Background To AT&T Research

After the work of John R. Carson in 1915 it became clear that multiplexed telephone transmissions could be greatly improved by the use of single sideband suppressed carrier (SSB) transmission. Compared to basic amplitude modulation (AM) SSB has the advantage of half the bandwidth and a fraction of the power (one sideband can have no more than 1/6 of the total power and would typically be a lot less). AM analysed in the frequency domain consists of a carrier and two sidebands. The carrier frequency in AM represents the majority of the transmitted power but contains no information whatsoever. The two sidebands both contain identical information so only one is required, at least from an information transmission point of view. Up to this point filtering had been by simple tuned circuits. However, SSB required a flat response over the sideband of interest and maximum rejection of the other sideband with a very sharp transition between the two. As the idea was to put another (completely different) signal in the slot vacated by the unwanted sideband it was important that all traces of it were removed to prevent crosstalk. At the same time minimum distortion (i.e. flat response) is obviously desirable for the sideband being retained. This requirement led to a big research effort in the design of electric wave filters.

Electric wave filters
The term electric wave filter was much used around Zobel's time to mean a filter designed to pass or reject waves of specified frequencies across the band. It appears in numerous papers published in the early 20th century. Sometimes used to distinguish these more advanced designs from the simple tuned circuits which preceded them. In modern usage the simpler term filter would be used and is unambiguous within the field of electronics.

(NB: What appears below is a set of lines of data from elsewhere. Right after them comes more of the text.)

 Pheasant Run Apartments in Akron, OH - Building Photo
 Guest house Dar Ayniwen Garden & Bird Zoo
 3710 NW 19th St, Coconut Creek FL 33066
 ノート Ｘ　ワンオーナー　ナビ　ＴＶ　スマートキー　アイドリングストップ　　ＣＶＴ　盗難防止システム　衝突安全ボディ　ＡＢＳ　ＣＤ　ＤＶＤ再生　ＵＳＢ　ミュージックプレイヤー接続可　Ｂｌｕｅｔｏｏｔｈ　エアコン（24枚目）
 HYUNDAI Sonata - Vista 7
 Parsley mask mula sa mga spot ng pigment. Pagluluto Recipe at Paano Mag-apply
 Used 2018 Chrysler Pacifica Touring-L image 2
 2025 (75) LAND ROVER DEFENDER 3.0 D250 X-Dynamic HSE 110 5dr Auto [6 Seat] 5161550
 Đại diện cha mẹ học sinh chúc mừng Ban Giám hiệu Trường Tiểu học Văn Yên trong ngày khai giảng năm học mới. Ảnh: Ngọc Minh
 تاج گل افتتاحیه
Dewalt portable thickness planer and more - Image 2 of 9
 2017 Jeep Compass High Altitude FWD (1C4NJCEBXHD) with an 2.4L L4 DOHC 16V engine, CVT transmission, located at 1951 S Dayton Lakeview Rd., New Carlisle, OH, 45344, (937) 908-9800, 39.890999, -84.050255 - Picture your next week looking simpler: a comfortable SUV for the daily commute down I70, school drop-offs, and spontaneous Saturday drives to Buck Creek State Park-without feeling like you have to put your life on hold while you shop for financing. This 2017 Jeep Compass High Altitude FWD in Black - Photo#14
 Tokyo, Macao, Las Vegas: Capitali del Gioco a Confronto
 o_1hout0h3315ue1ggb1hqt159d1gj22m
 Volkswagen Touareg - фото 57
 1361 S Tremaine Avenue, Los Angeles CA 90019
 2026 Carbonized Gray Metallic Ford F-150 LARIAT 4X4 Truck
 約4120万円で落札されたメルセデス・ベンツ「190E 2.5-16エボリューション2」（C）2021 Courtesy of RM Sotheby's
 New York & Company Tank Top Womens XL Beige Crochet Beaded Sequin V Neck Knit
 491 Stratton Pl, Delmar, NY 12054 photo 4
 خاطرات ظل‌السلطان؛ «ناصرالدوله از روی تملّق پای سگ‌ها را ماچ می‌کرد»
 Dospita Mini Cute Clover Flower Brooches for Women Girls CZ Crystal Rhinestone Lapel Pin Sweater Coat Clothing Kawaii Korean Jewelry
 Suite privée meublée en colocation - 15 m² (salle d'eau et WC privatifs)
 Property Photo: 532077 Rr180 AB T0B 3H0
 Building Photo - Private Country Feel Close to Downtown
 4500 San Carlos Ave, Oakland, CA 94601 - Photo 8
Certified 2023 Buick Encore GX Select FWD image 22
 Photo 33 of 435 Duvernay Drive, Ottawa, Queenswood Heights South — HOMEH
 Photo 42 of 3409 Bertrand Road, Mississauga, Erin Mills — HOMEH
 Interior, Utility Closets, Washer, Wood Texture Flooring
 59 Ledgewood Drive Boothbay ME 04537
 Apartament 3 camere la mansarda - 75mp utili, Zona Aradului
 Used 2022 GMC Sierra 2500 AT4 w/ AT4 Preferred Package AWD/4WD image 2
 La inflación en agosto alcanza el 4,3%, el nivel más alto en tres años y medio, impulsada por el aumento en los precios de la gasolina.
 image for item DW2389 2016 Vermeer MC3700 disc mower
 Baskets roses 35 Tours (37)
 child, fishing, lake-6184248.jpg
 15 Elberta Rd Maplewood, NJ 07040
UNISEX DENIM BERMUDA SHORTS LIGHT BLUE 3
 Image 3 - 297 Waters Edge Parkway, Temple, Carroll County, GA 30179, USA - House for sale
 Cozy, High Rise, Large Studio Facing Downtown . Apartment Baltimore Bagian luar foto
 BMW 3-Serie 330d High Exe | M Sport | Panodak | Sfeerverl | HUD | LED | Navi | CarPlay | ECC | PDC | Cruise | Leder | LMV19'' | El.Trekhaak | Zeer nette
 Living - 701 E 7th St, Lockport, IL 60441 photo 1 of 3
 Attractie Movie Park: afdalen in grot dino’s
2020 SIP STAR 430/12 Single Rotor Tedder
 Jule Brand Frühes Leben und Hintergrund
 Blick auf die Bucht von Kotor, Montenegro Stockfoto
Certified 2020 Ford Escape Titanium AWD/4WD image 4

George A. Campbell and Zobel worked on this problem of extracting a single sideband from an amplitude-modulated composite wave for use in multiplexing telephone channels and the related problem of extracting (de-multiplexing) the signal at the far end of the transmission.

Initially, the baseband pass range used was 200 Hz to 2500 Hz but later the International Telecommunication Union set a standard of 300 Hz to 3.4 kHz with 4 kHz spacing. Thus the filtering was required to go from fully pass to fully stop in the space of 900 Hz. This standard in telephony is still in use today and had remained widespread until it began to be supplanted by digital techniques from the 1980s onwards.

Campbell had previously utilised the condition discovered in the work of Oliver Heaviside for lossless transmission to improve the frequency response of transmission lines using lumped component inductors (loading coils). When Campbell started investigating electric wave filter design from 1910, this previous work naturally led him to filters using ladder network topology using capacitors and inductors. Low-pass, high-pass and band-pass filters were designed. Sharper cut-offs and higher stop-band rejection to any arbitrary design specification could be achieved merely by increasing the length of the ladder. The filter designs used by Campbell were described by Zobel as constant k filters although this was not a term used by Campbell himself.